Dispatches from the Atlantic: Judgment Day

Associate Editor Chris White keeps us updated on his voyage across the Atlantic.


18°25.764N 43°56.472W Boat Speed: 7 knots Wind Speed: 10-15 knots Magnetic Direction: 252° Distance Traveled Thus Far: 1,775.4 nautical miles

On Tuesday morning there was an almost tangible amount of stress aboard Snark. We had experienced what seemed like endless days of high seas and high winds, with the churning ocean tossing us about constantly. A pervasive lack of sleep, combined with our mechanical difficulties, was starting to wear on everyone on board. Our generator was still not working, our batteries weren't charging properly, our water levels were running low, we'd had to tap into one of our two reserve tanks, and without the power needed to run the watermaker, we weren't refilling fast enough. We had made it halfway across the ocean, and now, like an initiation into the gang of the Western Atlantic, the seas were testing our resilience, bending us to see if we would break. Something had to change. Ben, Dugald, and I set to thinking. We decided that the problem with our generator lay in the starter battery. What if we removed the starter battery from the generator, and moved it into the engine battery bank, hooked it up to the generator battery, and tried to jump it? Of course, if this didn't work, and for some reason we shorted the starter battery, we would have no engine. This was a sobering drawback. We lashed the generator battery into place near the starter battery and prepared to hook everything up. We had been able to remove one battery connector from the generator battery (red to red), for the other connection we used several lengths of 20-amp wire spliced together. "Now, Ben," Dugald said, as we got ready to make our connection, "is there a way I can shut off the battery, an isolator switch perhaps, if the wires start smoking and catch fire from the excessive ampage? We certainly don't want anything to explode." Now, I don't know about you, but when I hear terms like "fire," "smoking," and "explode," especially when I'm well over a thousand miles from a landmass, a little red flag pops up. Hmmm…this could either work, or this could go horribly, horribly wrong. Flashes of Mayday calls and evacuation drills began to run through my head. "Chris," Ben said, "Go topside and man the steering, on the off chance that we blow everything out-the autopilot will go off and you'll have to try and keep us on our course."

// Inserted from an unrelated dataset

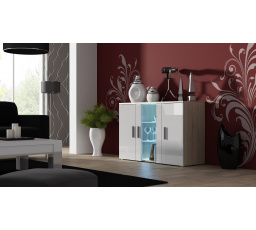 Komoda SOHO S-7, Dub sonoma/Biely lesk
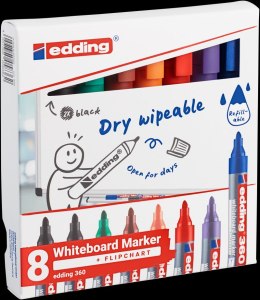 Marker do tablic e-360 EDDING, 1,5-3mm, 8 szt., mix kolorów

"You got it," I replied. I went topside, sat behind the helm, and lit a cigarette. These are the times when a religious man prays and an atheist drinks, but it was only 0945 hours, so I settled for a cigarette. "All right," I heard Dugald shout, "fire up the engine." I did. It started. No smoke, no flames, no screams of agony. We were, so far, in the clear. We let the battery charge for a few hours, keeping an eye on it with our voltage meter. At around 1300 hours we unlashed it and carried it back to the generator, hooked it up, and fired up the generator. I heard the soft churning as it rolled over-it was like a choir of angels singing from on high. As the day progressed, our batteries recharged and our watermaker worked its magic. The seas began to lie down a tad, the wind was still strong, but the direction shifted just enough in the right direction for our boat to pick up speed, and we all celebrated with a beer. This morning, we noticed that the generator battery was not holding a charge as well as we would have liked, so we hooked the solar panels directly to the generator battery to keep a charge on it. So far, this is working and seems to have our problem solved-well, least enough for us to make it to St. Lucia where there is a Fischer Panda service center. Lesson learned? The ability to troubleshoot and problem-solve is one of the most valuable traits you can have when you're out on the ocean without a mechanic to call, or someone in the slip next to you to lend a hand. One night as we ate dinner, after Ben had jury-rigged a part of the block on our mainsail that had broken, I told him that he was a real MacGyver. "Wasn't he always blowing things up?" he asked. "Well, yes," I said, "but he did it very cleverly." And, yesterday, we cleverly didn't.